Other the hand, I am absolutely a convert, everyone is. One of my favorite responses came from a Benedictine priest who I count among my acquaintances. He told me that Benedictines take a vow of conversion. They remain, perpetually (albeit temporally) in the process of conversion. I love this because no one is ever done with conversion. Even the cradle Catholic is, in this sense, a convert. We have all been brought out of our original sin into a new relationship with Christ, usually not possible without the sacrament of baptism (exceptions such as martyrdom and Emeth notwithstanding). We all of us are pilgrims in this life, heading toward our Homeland. We are not done, the process of converting us from hearts of stone to hearts of flesh is not (for most of us) finished in this life (and for most of us it will not be finished in the next either, which is why Purgatory exists).
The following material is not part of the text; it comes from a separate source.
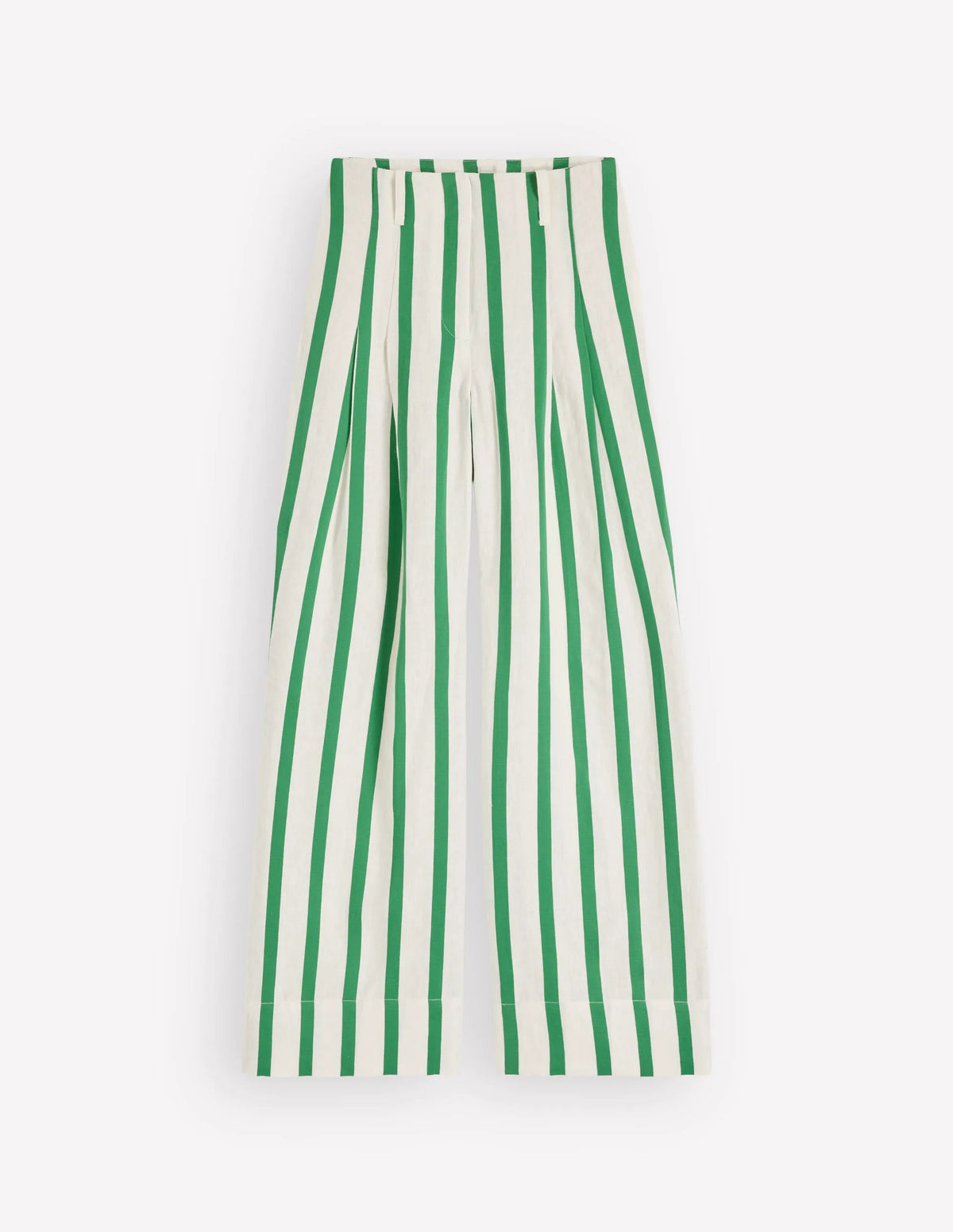 Mayfair Linen Pants-Ivory, Fresh Green Stripe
I remember once watching a video Metropolitan Kallistos Ware speaking at Wheaton College on the relationship between Evangelicals and the Orthodox. He told a story about riding a train whilst dressed in his cassock, with his large cross. A man sat across from him, noticed the enormous cross and asked (in what the good Metropolitan made sound like a Southern accent), “Are you saved?” To which Ware replied, after giving it some thought, “I am being saved.” Christianity is, in this life, a pilgrimage. We are headed toward the Beatific Vision, but none of us is done. Each of us is still plodding along through valleys and hills, storms and sunshine, ever hoping to find our way Home. So in this sense, we’re all converts.

I can’t sit here and say that the language of conversion, when speaking of Protestants who received into full communion with the Catholic Church, sits well with me. And this is despite the fact that many Protestants and prominent people from within the Church have used this language. It seems, at least in modern usage, to connote things I think are wrong about what is actually happening when a Protestant “becomes” Catholic. Nevertheless, I am happy and proud to be one such former Protestant. I am happy to have ceased my protestations. And I am happy to be, like all other Christians, still in the process of conversion. I am happy to be, even when it hurts, like Lewis’s toy soldier who is being made flesh, or his cottage that is being turned into a mansion. I long for my transformation, for my final conversion. In the meantime, I will continue to plod along. I pray you’ll join me.